### Problem to solve
Repeat each line of the material word for word.
#####
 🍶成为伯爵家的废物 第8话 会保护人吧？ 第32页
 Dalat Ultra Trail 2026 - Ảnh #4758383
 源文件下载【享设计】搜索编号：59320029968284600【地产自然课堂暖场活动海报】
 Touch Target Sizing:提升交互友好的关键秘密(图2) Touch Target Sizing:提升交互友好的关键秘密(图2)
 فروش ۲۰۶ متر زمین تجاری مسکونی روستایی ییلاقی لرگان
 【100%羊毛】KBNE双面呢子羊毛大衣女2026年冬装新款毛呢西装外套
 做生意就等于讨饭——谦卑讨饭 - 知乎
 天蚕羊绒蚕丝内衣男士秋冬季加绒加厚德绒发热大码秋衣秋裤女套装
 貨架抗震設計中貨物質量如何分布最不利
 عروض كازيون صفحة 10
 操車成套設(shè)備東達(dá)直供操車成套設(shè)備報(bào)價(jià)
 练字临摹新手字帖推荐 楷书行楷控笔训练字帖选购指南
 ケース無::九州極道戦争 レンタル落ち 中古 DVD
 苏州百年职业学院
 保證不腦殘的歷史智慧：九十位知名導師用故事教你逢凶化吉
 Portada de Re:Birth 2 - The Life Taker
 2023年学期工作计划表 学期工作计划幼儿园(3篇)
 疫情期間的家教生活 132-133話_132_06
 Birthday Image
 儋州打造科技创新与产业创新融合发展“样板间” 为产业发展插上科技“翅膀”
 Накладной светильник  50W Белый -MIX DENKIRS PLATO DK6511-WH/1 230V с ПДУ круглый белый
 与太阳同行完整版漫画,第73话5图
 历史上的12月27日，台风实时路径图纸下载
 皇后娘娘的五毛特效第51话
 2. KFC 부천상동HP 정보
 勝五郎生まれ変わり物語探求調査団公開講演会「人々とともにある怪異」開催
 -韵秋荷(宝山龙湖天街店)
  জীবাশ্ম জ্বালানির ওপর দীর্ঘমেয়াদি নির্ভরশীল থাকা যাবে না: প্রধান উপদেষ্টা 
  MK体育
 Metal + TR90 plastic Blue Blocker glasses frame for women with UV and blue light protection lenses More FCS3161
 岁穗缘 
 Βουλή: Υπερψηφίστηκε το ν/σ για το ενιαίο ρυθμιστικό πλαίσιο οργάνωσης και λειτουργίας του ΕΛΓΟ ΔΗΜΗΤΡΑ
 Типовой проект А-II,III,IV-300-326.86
#####
### Your response
 🍶成为伯爵家的废物 第8话 会保护人吧？ 第32页
 Dalat Ultra Trail 2026 - Ảnh #4758383
 源文件下载【享设计】搜索编号：59320029968284600【地产自然课堂暖场活动海报】
 Touch Target Sizing:提升交互友好的关键秘密(图2) Touch Target Sizing:提升交互友好的关键秘密(图2)
 فروش ۲۰۶ متر زمین تجاری مسکونی روستایی ییلاقی لرگان
 【100%羊毛】KBNE双面呢子羊毛大衣女2026年冬装新款毛呢西装外套
 做生意就等于讨饭——谦卑讨饭 - 知乎
 天蚕羊绒蚕丝内衣男士秋冬季加绒加厚德绒发热大码秋衣秋裤女套装
 貨架抗震設計中貨物質量如何分布最不利
 عروض كازيون صفحة 10
 操車成套設(shè)備東達(dá)直供操車成套設(shè)備報(bào)價(jià)
 练字临摹新手字帖推荐 楷书行楷控笔训练字帖选购指南
 ケース無::九州極道戦争 レンタル落ち 中古 DVD
 苏州百年职业学院
 保證不腦殘的歷史智慧：九十位知名導師用故事教你逢凶化吉
 Portada de Re:Birth 2 - The Life Taker
 2023年学期工作计划表 学期工作计划幼儿园(3篇)
 疫情期間的家教生活 132-133話_132_06
 Birthday Image
 儋州打造科技创新与产业创新融合发展“样板间” 为产业发展插上科技“翅膀”
 Накладной светильник  50W Белый -MIX DENKIRS PLATO DK6511-WH/1 230V с ПДУ круглый белый
 与太阳同行完整版漫画,第73话5图
 历史上的12月27日，台风实时路径图纸下载
 皇后娘娘的五毛特效第51话
 2. KFC 부천상동HP 정보
 勝五郎生まれ変わり物語探求調査団公開講演会「人々とともにある怪異」開催
 -韵秋荷(宝山龙湖天街店)
  জীবাশ্ম জ্বালানির ওপর দীর্ঘমেয়াদি নির্ভরশীল থাকা যাবে না: প্রধান উপদেষ্টা 
  MK体育
 Metal + TR90 plastic Blue Blocker glasses frame for women with UV and blue light protection lenses More FCS3161
 岁穗缘 
 Βουλή: Υπερψηφίστηκε το ν/σ για το ενιαίο ρυθμιστικό πλαίσιο οργάνωσης και λειτουργίας του ΕΛΓΟ ΔΗΜΗΤΡΑ
 Типовой проект А-II,III,IV-300-326.86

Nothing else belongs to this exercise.